Sign In
  • October 31, 2023

    To Port or Not: The Federal Estate and Gift Tax Exemption

    Portability in estate and gift taxation allows surviving spouses to combine their own exemption with the unused exemption of their deceased spouse, potentially saving millions in estate taxes. Evan Lin discusses the benefits and drawbacks of electing portability – a complex process that is time-sensitive and requires careful consideration.

    Evan Yi-Van Lin

    In its simplest terms, “portability” allows surviving spouses to add any unused federal estate and gift tax exemptions of their deceased spouse to their own.

    Background

    The federal estate and gift tax exemption is the amount of assets that an individual is allowed to transfer from their estate to other people or entities free of federal estate and gift tax.

    Prior to 2010, any part of the federal estate and gift tax exemption amount that was unused by an estate was simply lost. The Tax Relief, Unemployment Insurance Reauthorization, and Job Creation Act of 2010 (2010 Tax Act) introduced “portability” of the deceased spouse’s unused exemption (DSUE).

    On Dec. 22, 2017, President Trump signed into law the Tax Cuts and Jobs Act, which provided for a $10 million federal estate and gift tax exemption (adjusted for inflation to $12,920,000 for 2023 and $13,610,000 for 2024) and a 40% maximum federal estate tax rate for assets owned in excess of $12,920,000 for 2023.

    In addition, the Tax Cuts and Jobs Act also continued “portability” of the federal estate and gift tax exemption implemented under the 2010 Tax Act, whereby a decedent’s surviving spouse would be able to use the DSUE, effectively doubling the federal estate and gift tax exemption amount for married couples (i.e., in 2023, a married couple could shelter $25,840,000 [$12,920,000 exemption x 2 = $25,840,000] from estate taxes).

    Evan Lin headshot Evan Lin, U.W. 1998, is the founding attorney and managing member at Lin Law LLC, in Green Bay, where he practices in the areas of estate planning, probate, real estate and corporate and business matters.​

    Benefits of Portability

    The obvious benefit of electing portability of the DSUE is the potential for married individuals to significantly reduce or eliminate the estate tax burden, because the decedent will have their own federal estate and gift tax exemption amount plus the DSUE to use for exempting assets from estate taxes at death with very minimal or no estate tax planning.

    Portability can also provide flexibility and eliminate administrative complexity for married couples in estate planning. For example, since it doesn’t require the creation of a credit shelter trust (and the corresponding administrative requirements of a separate trust) at the first spouse’s death, a surviving spouse can still access the entire marital estate for their lifetime, without restriction, while still retaining the DSUE for federal estate and gift tax planning purposes.

    In addition, while the surviving spouse’s estate may seemingly not be large enough to necessitate portability at the time of the first spouse’s death, the surviving spouse may still want to file the Form 706 to elect portability just to be safe.

    For example, the surviving spouse’s estate could appreciate significantly in the future, depending on the age and earnings potential of the surviving spouse.
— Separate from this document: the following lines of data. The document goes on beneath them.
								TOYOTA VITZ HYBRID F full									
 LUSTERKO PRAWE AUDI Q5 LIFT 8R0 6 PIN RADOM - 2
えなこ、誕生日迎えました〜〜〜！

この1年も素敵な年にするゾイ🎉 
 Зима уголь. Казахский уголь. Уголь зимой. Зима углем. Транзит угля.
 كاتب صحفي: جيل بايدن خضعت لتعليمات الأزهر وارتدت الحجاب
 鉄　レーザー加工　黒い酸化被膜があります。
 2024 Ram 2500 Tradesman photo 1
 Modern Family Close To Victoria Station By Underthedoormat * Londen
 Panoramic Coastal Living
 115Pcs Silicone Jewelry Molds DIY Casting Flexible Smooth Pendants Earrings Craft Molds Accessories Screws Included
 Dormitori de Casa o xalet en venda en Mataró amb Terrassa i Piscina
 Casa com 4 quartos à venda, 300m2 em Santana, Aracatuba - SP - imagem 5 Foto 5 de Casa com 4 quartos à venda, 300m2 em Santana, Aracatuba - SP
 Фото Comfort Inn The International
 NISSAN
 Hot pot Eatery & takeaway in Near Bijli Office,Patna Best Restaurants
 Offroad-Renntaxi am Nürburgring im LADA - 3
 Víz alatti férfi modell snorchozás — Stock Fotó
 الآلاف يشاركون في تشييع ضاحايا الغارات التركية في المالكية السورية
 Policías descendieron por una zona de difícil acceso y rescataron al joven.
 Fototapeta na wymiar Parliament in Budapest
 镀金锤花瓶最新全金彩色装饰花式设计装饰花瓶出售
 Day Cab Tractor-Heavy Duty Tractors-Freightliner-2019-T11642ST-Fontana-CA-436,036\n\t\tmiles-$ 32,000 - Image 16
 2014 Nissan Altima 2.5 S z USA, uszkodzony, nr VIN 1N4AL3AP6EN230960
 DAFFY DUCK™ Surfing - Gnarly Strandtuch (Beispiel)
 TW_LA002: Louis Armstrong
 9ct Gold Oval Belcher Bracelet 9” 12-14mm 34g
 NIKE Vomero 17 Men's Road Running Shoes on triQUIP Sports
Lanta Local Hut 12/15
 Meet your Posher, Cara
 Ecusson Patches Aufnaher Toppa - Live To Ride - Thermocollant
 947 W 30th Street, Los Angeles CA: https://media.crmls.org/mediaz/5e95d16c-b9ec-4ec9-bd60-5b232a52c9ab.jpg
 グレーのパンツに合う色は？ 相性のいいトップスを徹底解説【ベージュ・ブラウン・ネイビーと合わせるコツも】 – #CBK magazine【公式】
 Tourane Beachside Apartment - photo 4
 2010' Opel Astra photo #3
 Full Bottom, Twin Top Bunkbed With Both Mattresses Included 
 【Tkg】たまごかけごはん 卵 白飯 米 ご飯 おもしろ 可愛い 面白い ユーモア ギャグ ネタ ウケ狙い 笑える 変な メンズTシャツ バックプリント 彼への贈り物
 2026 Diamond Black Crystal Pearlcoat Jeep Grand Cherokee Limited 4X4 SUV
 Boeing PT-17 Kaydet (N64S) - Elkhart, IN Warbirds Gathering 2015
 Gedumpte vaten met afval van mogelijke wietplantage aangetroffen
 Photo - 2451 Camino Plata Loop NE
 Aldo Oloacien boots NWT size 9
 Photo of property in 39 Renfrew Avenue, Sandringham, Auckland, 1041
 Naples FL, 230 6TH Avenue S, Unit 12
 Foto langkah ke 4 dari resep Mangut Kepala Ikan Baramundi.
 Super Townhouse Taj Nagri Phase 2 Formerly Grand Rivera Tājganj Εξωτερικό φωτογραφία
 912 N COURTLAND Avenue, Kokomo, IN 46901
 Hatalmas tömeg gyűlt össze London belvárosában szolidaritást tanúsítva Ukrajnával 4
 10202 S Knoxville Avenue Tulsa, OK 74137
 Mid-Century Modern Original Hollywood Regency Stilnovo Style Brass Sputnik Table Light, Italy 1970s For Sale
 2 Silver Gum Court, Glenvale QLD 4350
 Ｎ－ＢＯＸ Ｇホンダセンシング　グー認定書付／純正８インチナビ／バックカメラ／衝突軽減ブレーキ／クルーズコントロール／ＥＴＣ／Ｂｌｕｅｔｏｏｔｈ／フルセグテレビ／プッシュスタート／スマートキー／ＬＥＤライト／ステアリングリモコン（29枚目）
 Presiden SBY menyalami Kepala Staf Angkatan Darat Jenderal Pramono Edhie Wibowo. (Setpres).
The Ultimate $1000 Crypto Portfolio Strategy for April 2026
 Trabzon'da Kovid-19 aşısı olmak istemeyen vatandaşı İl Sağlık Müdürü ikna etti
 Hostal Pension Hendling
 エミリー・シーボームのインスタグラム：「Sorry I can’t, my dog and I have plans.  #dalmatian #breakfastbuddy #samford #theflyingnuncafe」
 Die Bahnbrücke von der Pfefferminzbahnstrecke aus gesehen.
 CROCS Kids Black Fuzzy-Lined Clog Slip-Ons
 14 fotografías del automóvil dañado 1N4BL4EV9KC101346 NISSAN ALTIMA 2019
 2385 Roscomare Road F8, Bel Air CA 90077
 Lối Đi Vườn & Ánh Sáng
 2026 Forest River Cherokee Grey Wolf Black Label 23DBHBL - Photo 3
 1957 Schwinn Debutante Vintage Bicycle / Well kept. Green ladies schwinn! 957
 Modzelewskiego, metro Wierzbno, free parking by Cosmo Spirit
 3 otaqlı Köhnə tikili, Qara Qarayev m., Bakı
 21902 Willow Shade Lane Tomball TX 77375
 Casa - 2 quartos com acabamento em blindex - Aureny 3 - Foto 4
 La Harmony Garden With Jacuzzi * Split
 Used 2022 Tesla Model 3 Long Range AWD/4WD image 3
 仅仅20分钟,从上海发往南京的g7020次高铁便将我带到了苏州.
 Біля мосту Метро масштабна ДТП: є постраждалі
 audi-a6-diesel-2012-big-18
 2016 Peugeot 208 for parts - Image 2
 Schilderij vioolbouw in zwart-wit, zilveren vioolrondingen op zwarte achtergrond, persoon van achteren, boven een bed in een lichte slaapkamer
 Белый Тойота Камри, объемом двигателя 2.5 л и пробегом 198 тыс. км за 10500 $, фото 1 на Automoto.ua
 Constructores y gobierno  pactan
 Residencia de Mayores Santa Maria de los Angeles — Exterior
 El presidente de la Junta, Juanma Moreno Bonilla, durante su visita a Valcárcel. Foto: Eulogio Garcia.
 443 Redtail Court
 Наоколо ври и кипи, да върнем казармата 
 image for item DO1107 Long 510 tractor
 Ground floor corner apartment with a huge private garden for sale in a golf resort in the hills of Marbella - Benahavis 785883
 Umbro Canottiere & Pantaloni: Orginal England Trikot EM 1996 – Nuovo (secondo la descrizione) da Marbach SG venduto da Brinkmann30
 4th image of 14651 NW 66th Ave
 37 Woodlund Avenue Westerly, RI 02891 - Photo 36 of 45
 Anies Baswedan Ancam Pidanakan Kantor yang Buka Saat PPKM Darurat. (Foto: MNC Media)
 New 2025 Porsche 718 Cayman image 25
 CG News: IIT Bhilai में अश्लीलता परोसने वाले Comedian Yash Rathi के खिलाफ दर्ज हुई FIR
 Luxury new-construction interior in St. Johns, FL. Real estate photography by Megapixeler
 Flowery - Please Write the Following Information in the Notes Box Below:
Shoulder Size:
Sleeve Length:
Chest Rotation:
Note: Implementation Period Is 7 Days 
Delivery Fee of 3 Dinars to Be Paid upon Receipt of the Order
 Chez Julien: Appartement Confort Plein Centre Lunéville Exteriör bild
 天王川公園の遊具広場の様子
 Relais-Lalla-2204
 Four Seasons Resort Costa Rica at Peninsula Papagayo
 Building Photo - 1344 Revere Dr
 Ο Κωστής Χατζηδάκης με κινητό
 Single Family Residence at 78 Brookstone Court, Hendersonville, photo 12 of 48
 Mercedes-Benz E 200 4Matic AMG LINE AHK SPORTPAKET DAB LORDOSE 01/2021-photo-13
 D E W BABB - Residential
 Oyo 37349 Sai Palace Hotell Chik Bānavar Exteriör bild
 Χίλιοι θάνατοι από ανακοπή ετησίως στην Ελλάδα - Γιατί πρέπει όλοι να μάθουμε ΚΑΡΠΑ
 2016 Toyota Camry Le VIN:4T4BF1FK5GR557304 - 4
In addition, the surviving spouse may receive an inheritance in the future or the surviving spouse may come upon some other financial windfall in the future – any of which circumstances could bring the surviving spouse’s estate above the federal estate and gift tax exemption amount.

    There is also the possibility that the federal estate and gift tax exemption will decrease in the future – but if the DSUE was ported, the surviving spouse would lock in the potentially higher DSUE of their deceased spouse, irrespective of future federal estate and gift tax law changes.

    As it stands today, the Tax Cuts and Jobs Act is set to sunset on Dec. 31, 2025, which means that in 2026, the federal estate and gift tax laws will revert back to the laws in effect in 2017 (i.e., $5 million exemption amount adjusted for inflation).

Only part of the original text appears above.